213??????????????????????????????

in the beginning. We looked at the metadata and knew that it has $m$ digits. Then we have another approximation

\[\log_{10}F_n\approx \log_{10}(213)+m-3.\]

This approximation is valid because the error is controlled

\[\log_{10}F_n-\log_{10}(21300...)\le \log_{10}\frac{214}{213}\approx 0.002.\]

Then, with two approximations, we are able to solve $n$ in almost $\mathcal{O}(1)$:

\[n\approx \frac{\log_{10}(213)+m-3+\log_{10} \sqrt{5}}{\log_{10}\left(\frac{1+\sqrt{5}}{2}\right)}.\]

Now that is the end of an interesting problem and an interesting solution. But the discussion can lead to a lot more directions.

First, although there are approximations in the solution, it is an exact algorithm that always gives the correct answer. It is truer as $n\to\infty$. As I look at it now, it reminds me of many approximate algorithms in machine learning. I hardly appreciate biased inferences, which give biased predictions. But if you tell me it converges as $n\to\infty$, I will definitely love it. The selection of the dominant term also reminds me of techniques for importance sampling. After all, we are both doing log space computation.

Second, some problems have solutions out of the box. In Leetcode, no one has ever created a problem that requires the information of the metadata (correct me if there is). This basically lets me ignore a lot of opportunities that interview with Leetcode problems. Even if I could solve most of the hards, when I am asked about them, I would feel offended.

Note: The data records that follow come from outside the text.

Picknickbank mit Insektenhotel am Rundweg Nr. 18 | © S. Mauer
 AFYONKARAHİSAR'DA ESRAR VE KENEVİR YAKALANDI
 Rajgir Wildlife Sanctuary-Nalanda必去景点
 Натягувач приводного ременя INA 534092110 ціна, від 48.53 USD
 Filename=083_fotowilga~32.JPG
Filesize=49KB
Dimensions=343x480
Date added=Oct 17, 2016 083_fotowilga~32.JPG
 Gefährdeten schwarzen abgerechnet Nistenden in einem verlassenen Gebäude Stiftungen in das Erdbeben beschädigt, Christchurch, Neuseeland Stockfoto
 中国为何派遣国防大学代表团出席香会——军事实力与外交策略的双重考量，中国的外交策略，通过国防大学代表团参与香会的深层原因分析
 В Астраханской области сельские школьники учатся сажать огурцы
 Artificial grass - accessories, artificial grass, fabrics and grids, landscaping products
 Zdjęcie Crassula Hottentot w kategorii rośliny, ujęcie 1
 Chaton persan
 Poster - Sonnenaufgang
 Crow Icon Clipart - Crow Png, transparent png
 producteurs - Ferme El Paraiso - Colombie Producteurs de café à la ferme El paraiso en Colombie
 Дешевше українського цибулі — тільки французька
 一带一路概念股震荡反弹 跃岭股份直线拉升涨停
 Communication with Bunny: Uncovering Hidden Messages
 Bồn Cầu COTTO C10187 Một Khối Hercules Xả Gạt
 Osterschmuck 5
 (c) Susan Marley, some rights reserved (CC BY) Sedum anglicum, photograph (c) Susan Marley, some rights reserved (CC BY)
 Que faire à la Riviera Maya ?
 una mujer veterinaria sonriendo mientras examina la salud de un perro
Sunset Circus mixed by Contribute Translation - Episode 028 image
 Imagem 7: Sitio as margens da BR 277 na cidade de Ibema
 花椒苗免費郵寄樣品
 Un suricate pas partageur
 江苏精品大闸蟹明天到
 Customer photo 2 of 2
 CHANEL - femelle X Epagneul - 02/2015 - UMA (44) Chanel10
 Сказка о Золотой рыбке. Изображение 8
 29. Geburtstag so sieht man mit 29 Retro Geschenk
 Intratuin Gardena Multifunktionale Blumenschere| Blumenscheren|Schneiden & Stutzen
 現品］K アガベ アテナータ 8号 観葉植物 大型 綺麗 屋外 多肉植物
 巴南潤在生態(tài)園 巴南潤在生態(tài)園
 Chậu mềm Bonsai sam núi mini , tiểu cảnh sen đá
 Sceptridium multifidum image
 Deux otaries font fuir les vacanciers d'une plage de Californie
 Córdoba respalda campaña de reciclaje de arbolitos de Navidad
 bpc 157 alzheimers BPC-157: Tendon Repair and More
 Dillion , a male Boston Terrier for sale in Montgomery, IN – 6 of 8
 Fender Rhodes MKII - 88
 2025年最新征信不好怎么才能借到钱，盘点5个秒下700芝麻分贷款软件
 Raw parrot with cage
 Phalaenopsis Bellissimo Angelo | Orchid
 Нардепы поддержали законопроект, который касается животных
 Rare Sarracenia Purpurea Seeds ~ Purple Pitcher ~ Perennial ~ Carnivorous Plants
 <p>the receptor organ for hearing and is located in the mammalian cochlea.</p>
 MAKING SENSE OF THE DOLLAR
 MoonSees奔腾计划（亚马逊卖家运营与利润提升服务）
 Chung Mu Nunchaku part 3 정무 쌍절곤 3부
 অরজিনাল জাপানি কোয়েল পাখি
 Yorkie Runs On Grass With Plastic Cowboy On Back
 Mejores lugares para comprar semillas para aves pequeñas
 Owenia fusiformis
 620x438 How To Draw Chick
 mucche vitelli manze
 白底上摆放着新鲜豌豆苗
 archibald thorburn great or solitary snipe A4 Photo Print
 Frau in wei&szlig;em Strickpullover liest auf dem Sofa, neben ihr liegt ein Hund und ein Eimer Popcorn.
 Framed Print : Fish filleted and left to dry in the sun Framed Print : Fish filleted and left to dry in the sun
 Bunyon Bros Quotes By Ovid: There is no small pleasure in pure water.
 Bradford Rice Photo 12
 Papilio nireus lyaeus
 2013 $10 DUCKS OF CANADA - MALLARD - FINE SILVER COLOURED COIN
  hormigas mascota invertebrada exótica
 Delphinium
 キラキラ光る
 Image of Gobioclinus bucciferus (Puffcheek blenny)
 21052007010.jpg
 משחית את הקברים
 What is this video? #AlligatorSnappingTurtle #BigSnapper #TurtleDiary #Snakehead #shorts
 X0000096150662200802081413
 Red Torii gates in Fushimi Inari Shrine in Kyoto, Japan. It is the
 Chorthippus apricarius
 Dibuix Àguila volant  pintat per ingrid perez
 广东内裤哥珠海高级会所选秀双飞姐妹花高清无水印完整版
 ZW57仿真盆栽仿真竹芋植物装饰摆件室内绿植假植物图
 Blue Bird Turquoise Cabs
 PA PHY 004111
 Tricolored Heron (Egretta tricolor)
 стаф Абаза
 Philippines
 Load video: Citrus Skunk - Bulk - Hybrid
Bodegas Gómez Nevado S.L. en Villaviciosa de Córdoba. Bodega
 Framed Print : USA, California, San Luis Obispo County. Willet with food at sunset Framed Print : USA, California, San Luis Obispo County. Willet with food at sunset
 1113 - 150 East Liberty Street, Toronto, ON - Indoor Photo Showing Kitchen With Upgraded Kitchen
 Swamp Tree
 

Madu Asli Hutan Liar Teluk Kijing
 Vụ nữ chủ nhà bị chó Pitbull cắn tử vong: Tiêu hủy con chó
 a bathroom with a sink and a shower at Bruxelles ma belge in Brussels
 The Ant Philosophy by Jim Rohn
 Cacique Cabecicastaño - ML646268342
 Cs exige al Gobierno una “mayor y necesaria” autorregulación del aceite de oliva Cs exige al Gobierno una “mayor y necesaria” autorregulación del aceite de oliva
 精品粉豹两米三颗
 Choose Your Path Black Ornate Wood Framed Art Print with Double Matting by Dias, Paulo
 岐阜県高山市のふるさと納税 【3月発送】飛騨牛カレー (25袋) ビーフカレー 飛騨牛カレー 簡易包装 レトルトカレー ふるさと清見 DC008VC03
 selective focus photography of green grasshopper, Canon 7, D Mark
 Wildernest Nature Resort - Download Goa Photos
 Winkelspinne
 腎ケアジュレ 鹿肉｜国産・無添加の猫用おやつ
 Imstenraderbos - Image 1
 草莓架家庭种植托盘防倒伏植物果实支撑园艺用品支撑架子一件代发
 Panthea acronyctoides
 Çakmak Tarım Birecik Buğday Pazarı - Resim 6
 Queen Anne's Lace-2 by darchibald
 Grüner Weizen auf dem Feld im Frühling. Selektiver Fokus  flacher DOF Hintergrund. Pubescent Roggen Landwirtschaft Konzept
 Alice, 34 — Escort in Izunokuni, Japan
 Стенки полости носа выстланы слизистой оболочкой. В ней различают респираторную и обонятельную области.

Third, hey, are there any benefits for the aliens to communicate with Fibonacci numbers? The limitation of human may not apply to aliens. The human crypto relies on number theories, which study modulo a lot. Modulo restricts the length of a signal, but aliens may already have broken this limitation with advanced technology. They might send YBs of “sparse” communications, knowing that lives with lesser technology could not even study them.

I am able to decipher because I know it is a Fibonacci number. To make it a more practical crypto system, aliens may hold the order and the coefficients of the characteristic function of the recursion as the keys. Without knowing the form of recursion, the YBs of information means nothing. But with them, it is super efficient to decode, even as a human. Also it is nearly impossible for a human to fake the communication to the aliens. They can generate the sparse communication, so they can also verify whether a received communication belongs to the sequence after solving $n$.

Back to the original problem, it is not difficult, and a few contestants figured it out. I could hardly think of any use cases, but it is at least interesting, and planted seeds of important ideas I am using now.